Ancient Westcountry woodland could hold the key to unlocking the hidden effects of climate change on forests and its indigenous wildlife.
An intricate study of tree growth in in North Devon and Plymouth is expected to provide a template for volunteer scientists around the UK to help monitor the effects of global warming.
Scientist Alison Smith has begun a four-year research programme at Clinton Devon Estates' Hunshaw Woods near Torrington which could produce an inexpensive and easy-to-use toolkit to equip an army of "citizen scientists" in their local woodlands.
She plans to measure leaves, buds, ground flora, saplings and canopy cover, mapping her findings against climate changes and tracking the effects of hot temperatures, wet weather, severe cold and droughts.

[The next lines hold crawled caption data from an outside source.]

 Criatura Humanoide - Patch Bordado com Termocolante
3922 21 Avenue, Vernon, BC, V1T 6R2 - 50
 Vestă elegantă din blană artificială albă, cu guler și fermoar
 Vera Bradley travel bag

It is hoped the work will ultimately be carried out by volunteer groups from local communities and schools across the UK.
Alison, a PhD student at Plymouth University's School of Biological Sciences, said: "At the moment, the methods used to detect the subtle changes in the growth and health of forest species are too costly, time- consuming and labour intensive to study as widely as is needed.

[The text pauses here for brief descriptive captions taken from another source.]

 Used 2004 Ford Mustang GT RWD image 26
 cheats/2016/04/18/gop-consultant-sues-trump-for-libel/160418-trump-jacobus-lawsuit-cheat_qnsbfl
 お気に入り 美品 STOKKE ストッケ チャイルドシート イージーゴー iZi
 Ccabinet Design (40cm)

"I am hoping to find methods that can accurately monitor the effects of the climate on woodlands, which are cheaper and easier to use, and ideally which can be carried out by trained members of the community. Then we can gather information from all over the UK to work out how our forests are responding to their changing surroundings.
"Eventually, this will mean that we can implement appropriate and effective management to mitigate detrimental effects and protect species that might be endangered by changing climates."
Hunshaw Woods has been selected because it is one of the oldest native broadleaf woodlands in Britain and a registered Site of Special Scientific Interest.